Robert Borthwick Adam II of Buffalo, New York, inherited and dramatically expanded the book collection of his uncle, Robert Borthwick Adam I (1833–1904), a native of Scotland who emigrated to the United States in the 1850s and established a successful and respected dry goods business in Buffalo, which he expanded to a major department store. The senior Adam and his wife being childless, they adopted his namesake nephew, then nine, and his sister from Scotland. For both father and son, the main focus of the book collection was Samuel Johnson and his circle, but Adam senior collected other writers, including Robert Burns and Ruskin; and while it was the Johnson collection that earned the Adamses of Buffalo world‐wide fame, Adam II remained committed also to the Burns and Ruskin until about 1923–24 (Loos, “Robert Borthwick Adam II”, 3–5; Hyde, “Adam, Tinker, and Newton”, 287–88, 297).
In the 1920s, Adam II decided to sell his Burns and Ruskin collections, in order to devote his attention solely to Johnson and the eighteenth century. (Tragically, he would be forced by the stock market crash of October 1929 to break up his Johnson collection, as well.) In 1923, he sent the Ruskin collection to the firm of the rare book and manuscript dealer, A. S. W. Rosenbach (1876–1952) in New York.

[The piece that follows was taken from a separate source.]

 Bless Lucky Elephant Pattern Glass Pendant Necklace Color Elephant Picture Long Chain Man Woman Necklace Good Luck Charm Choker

The firm attempted to interest Henry Huntington (1850–1927) in the collection, but it remained unsold for six years, when, in April 1929, Adam retrieved it for presentation to Yale University Library. He donated the collection in memory of his adopted father, who started it, but he also wished to support the efforts by his good friend, Chauncey B. Tinker (1876–1963), to build up the Yale libraryʼs rare books and manuscripts department (Hyde, “Adam, Tinker, and Newton”, 297–98, 304; Hyde, “Adam, Tinker, and Newton, 1909–1948”, 561).
In a 1929 issue of the Yale University Library Gazette, the Adam Ruskin collection was described as constituting “virtually the whole body of Ruskinʼs works, from the earliest to the latest, just as they were first issued: editiones principes literally by the score, rare pamphlets, occasional adddresses, unique copies,—everything that might be needed . . . for the professional scholar bent upon a thorough and serious study in the works of John Ruskin”. The article acknowledged, however, that Adam had previously sold off “some of the rarest items”, including two copies of the Poems (1850), as well as “several autograph letters and manuscripts, which added luster to Mr. Adamʼs library, but had no essential place, perhaps, in the collection that has just been given to Yale”. The article ascribes the sale of these Ruskin items, not to the Rosenbach firm, but to an auction at the Anderson Galleries in February 1926—a major disposal of over 400 lots of non‐Johnsonian materials and some Johnsonian, of which 38 items related to Ruskin, according to the Gazette (French, “The R. B. Adam Collection of Ruskin”, 1, 6; Hyde, “Adam, Tinker, and Newton”, 298). The relation of these offerings in 1926 to what had been turned over to Rosenbach in 1923 is not clear.
Nonetheless, the remaining collection given to Yale was so large that the annual “Report of the Librarian” for 1928–29 reflected difficulty getting a grip on the numbers of items. First listed in the “Report” as consisting of “over three hundred and seventy volumes by and about Ruskin”, elsewhere in the same annual report the gift is numbered at “some 500 volumes and pamphlets”. Six years later, “after an unusual amount of bibliographical study and revision”, another annual “Report” set the total at “464 volumes and 271 pamphlets”, although it is unclear whether these figures refer solely to the Adam bequest (“Report of the Librarian, July 1, 1928–June 30, 1929”, 6, 36–37; “Report of the Librarian, July 1, 1934–June 30, 1935”, 15).
Like Tinker, Adam was generous to scholars who requested access to his collections for research. Johnson scholars in particular benefited from access to and even loan of his possessions, so it is possible that scholars may have taken advantage of Adamʼs Ruskin collection as well, before it came to Yale. Charles Grosvenor Osgood (1871–1964), the literary scholar from Princeton University, visited Adam and lectured on Ruskin in Buffalo; and Tinkerʼs graduate students were granted access to Adamʼs collections as well (see Hyde, “Adam, Tinker, and Newton”, 290–92, 294–96).